Summary and Discussions

This study analyzed the process data in the log file from one of the 2012 PISA problem-solving items using data mining techniques. The data mining methods used, including CART, gradient boosting, random forest, SVM, SOM, and k-means, yielded satisfactory results with this dataset. The three major purposes of the current study were summarized as follows.

First, to demonstrate the analysis of process data using both supervised and unsupervised techniques, concrete steps in feature generation, feature selection, classifier development and outcome evaluation were presented in the current study. Among all steps, feature generation was the most crucial one because the quality of features determines the classification results to a large extent. Good features should be created based on a thorough understanding of the item scoring procedure and the construct. Key action sequences that can distinguish correct and incorrect answers served as features with good performance. Unexpectedly, time features, including total response time and its pieces, did not turn out to be important features for classification. This means that considerable variance of response time existed in each score group and the differences in response time distributions among the groups was not large enough to clearly distinguish the groups. This study generated features based on theoretical beliefs about the construct measured and used students as the unit of analysis. The data could be structured in other ways according to different research questions. For example, instead of using students as the unit of analysis, the attempts students made can be used as rows and actions as columns, then the attempts can be classified instead of people. Fossey included a detailed tutorial on clustering algorithms with such data structure in a game-based assessment.

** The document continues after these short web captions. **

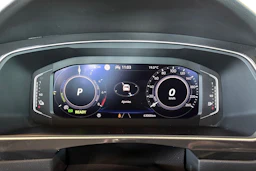 harmaa Volkswagen Tiguan 2022 kuva 15.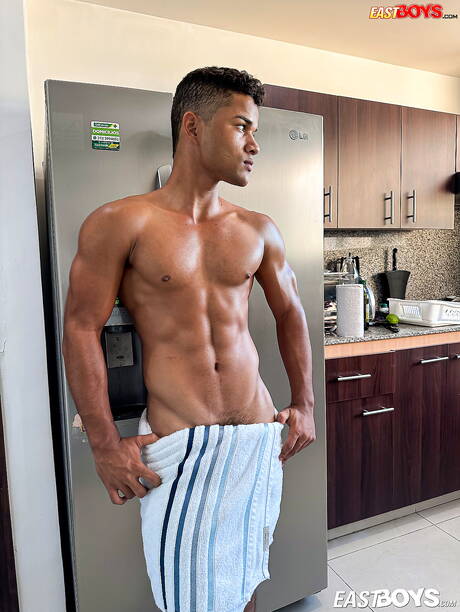 Latin strong bull Beisel Prixe undressing and showing his ass in the kitchen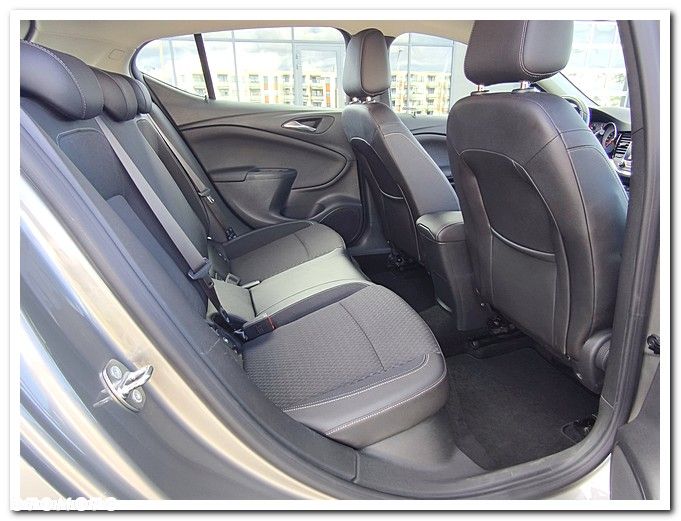 Opel Astra - 20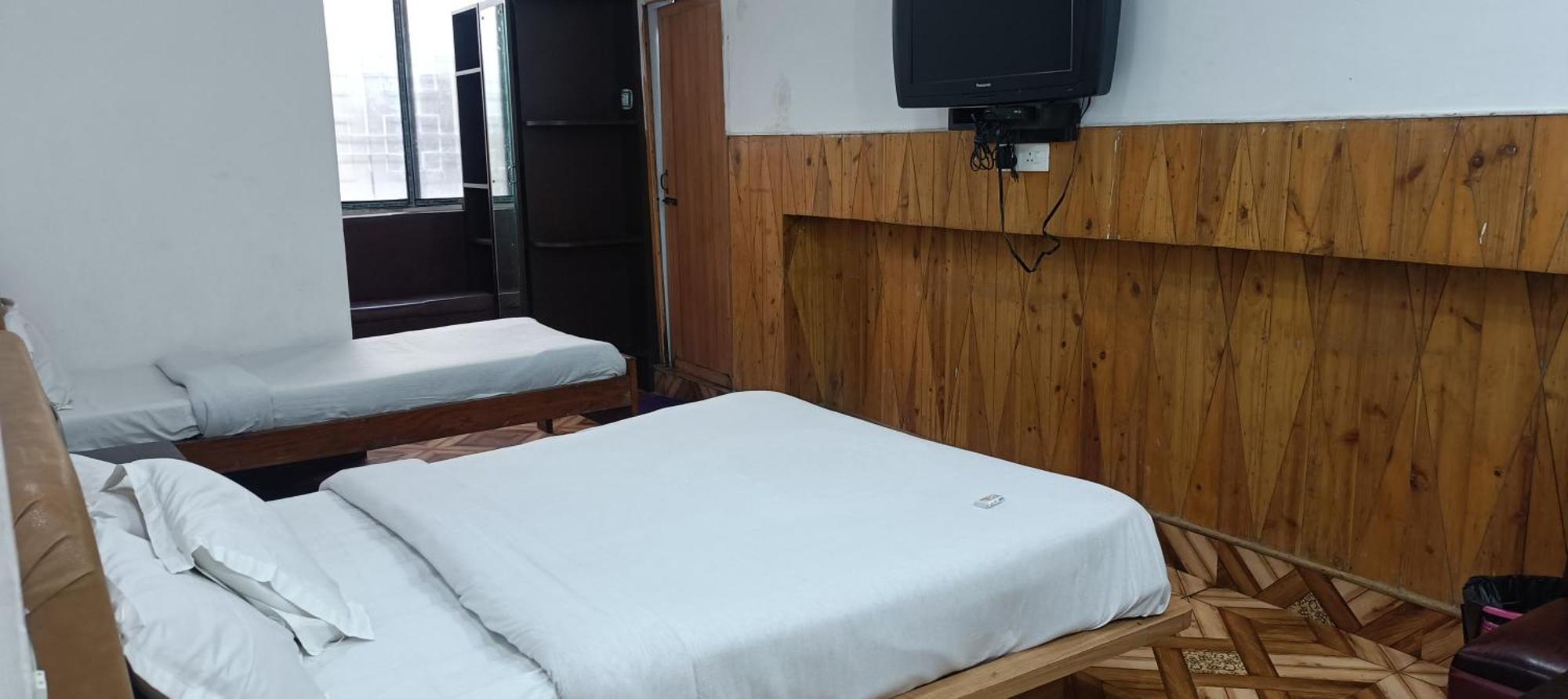 Hotel Assembly Shillong Kültér fotó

Second, to evaluate classification consistency of these frequently used data mining techniques, the current study compared four supervised techniques with different properties, namely, CART, gradient boosting, random forest, and SVM. All four methods achieved satisfactory classification accuracy based on various outcome measures, with gradient boosting showing slightly better overall accuracy and Kappa value. In general, easy interpretability and graphical visualization are the major advantages of trees. Trees also deal with noisy and incomplete data well. However, the trees are easily influenced by even small changes in the data due to its hierarchical splitting structure. SVM, on the contrary, generalizes well because once the hyperplane is found, small changes to data cannot greatly affect the hyperplane. Given the specific dataset in the current study, even the CART method worked very well. In addition, the CART method can be easily understood and provided enough information about the detailed classifications between and within each score category. Thus, based on the results in the current study, the CART method is sufficient for future studies on similar datasets. Unsupervised learning algorithms, SOM and k-means, also showed convergent clustering results based on DBI and Kappa values. In the final clustering solution, students were grouped into 9 clusters, revealing specific problem-solving processes they went through.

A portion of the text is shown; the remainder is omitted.